The Curiosity Corner is a space open to interpretation. Ant forms composed of boulder arrangements invite visitors to touch (or even hug), and smaller stones offer opportunities for stacking or sorting or ordering. The full story of the Corner is not yet told and depends on the imagination of all who enjoy it!
The Reflection Point offers a quiet place under a canopy of trees to listen to nature and to reflect about the natural world. Cuddle swings, gliders and alone zones will further encourage a sense of well-being, security and safety. At this half-way point on the Trail, visitors may regroup, move on or end the exploration by taking the bypass back to the Trailhead Pavilion.
The Meadow Run & Climb is a dedicated space for running, jumping, climbing, balancing, and testing strength, coordination, flexibility and confidence. New earthworks rise into serpentine berms while a running/walking path playfully follows the rising and falling contours of the landscape before emptying into an open field. Native plantings grow and change the scene throughout the seasons, and an obstacle course, made primarily of logs and boulders, follows in a tight, zig-zag formation.
The Design Area taps into visitors’ ability to manipulate materials from the Trail site. This hands-on space encourages imagination and critical thinking, using natural items to create patterns, structures and “whole worlds!”
The Playful Path honors the joy of just being in the woods. Along this last stretch of the Trail is a series of twisting paths covered in different surface materials (pea gravel, mowed grass, natural soil, pine needles). Each path can be navigated in a novel way, using a variety of motor skills.
The Celebration Station, located on the exit side of the Trailhead Pavilion, marks the end of the Trail journey that has provided challenges, new experiences and -- perhaps -- a new sense of confidence. Visitors will be encouraged to express their thoughts and feelings about the Trail by writing or drawing. The message "I was here and I have a voice" allows each individual to "own" the experience of the ANT.
The Campaign to Build the Autism Nature Trail at Letchworth State Park is supported by several organizational partners within New York State, including the Natural Heritage Trust, Camp Puzzle Peace, Letchworth State Park, Perry Central School District and the New York State Office of Parks, Recreation & Historic Preservation.
We feel very fortunate to be supported by such respected individuals as autism advocate Dr.

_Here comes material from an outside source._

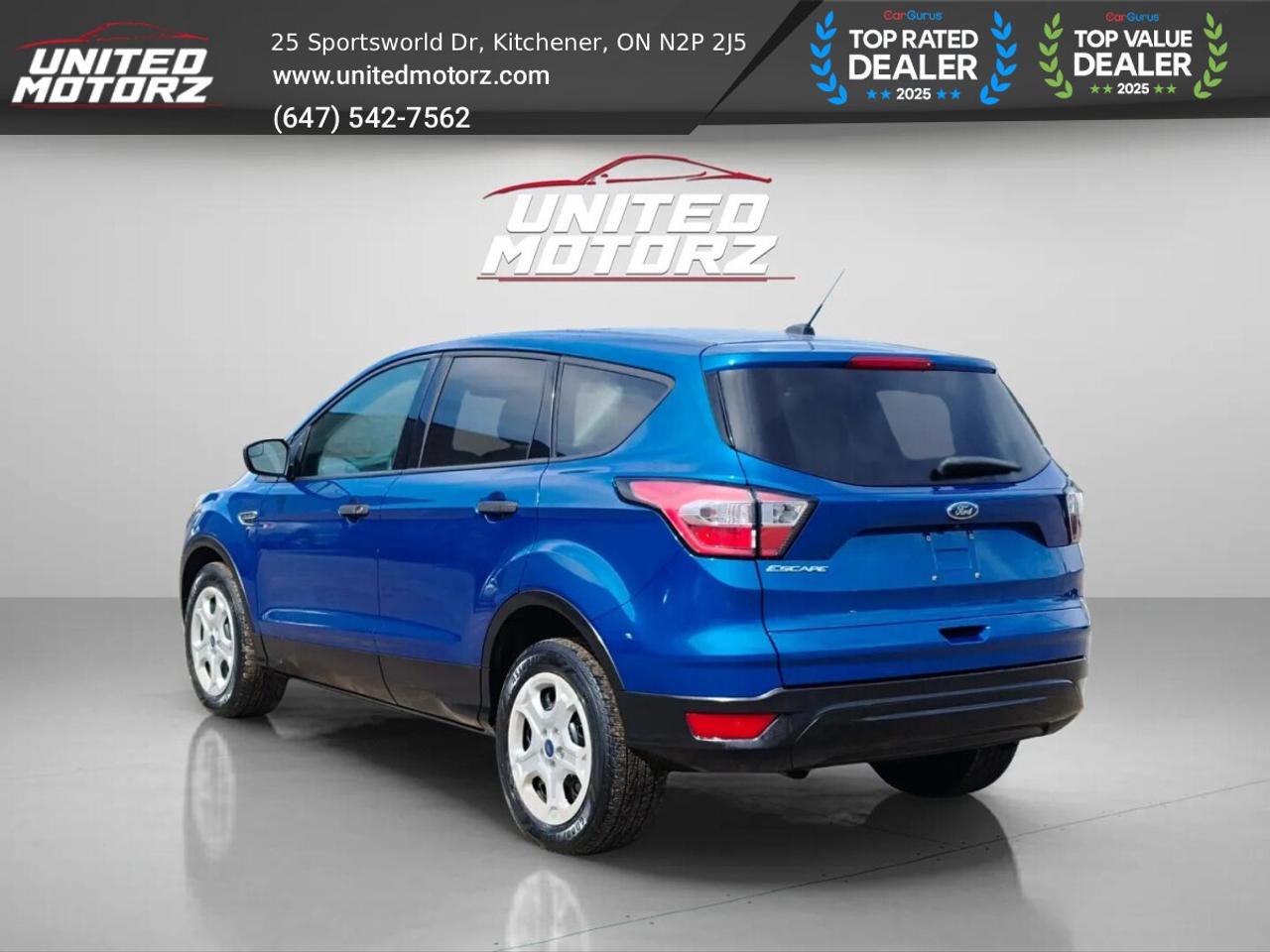 2017 Ford Escape S~SAFETY CERTIFIED~NO ACCIDENTS~ 21 SERVICE RECORD Photo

Temple Grandin, actor and activist Joe Mantegna, researcher and autism expert Dr. Amy Laurent, AutismUp Director Sarah Milko, and Head of New York City's LearningSpring School Margaret Poggi.
"I’m glad that my suggestions for the Autism Nature Trail have been integrated into the final design and overall plan. The Trailhead Pavilion as a pre-walk station is important since many autistic children need to know what they’re getting into before they will engage. Cuddle swings and gliders are good choices for movement. I understand the cost involved in providing trained staff for the Trail, but its success depends on people who are passionate about nature who will get the children engaged."
~ Dr. Temple Grandin, Colorado State University
"We sometimes forget that children with autism become adults with autism — and they are adults a lot longer than they are children. The Autism Nature Trail will provide a welcoming environment for visitors of all ages to experience the excitement, joy and comfort found in the wonders of our natural world. This unique form of direct and accepting engagement with nature in a world-class park adds a new dimension of exposure, with the potential of providing a lifetime of meaningful and fulfilling experiences. "
~ Joe Mantegna, actor and autism activist Honorary Board member for The ANT
"As the parent of one neurotypical daughter and two sons on the spectrum who are at different levels of functioning, it was always challenging to find activities we could do together as a family. When I was first consulted about the Autism Nature Trail at Letchworth State Park in New York State, I envisioned a place where one of my boys could be captivated by the water feature while the other studied the patterns of the Sunshine Slope while my daughter explored the adjoining Nature Center independently — all in a safe haven where a sudden outburst or meltdown did not mean that we would feel the need to pack up and leave. To have a park space intentionally designed for the enjoyment of individuals on the autism spectrum along with their families and friends is unprecedented — and long overdue."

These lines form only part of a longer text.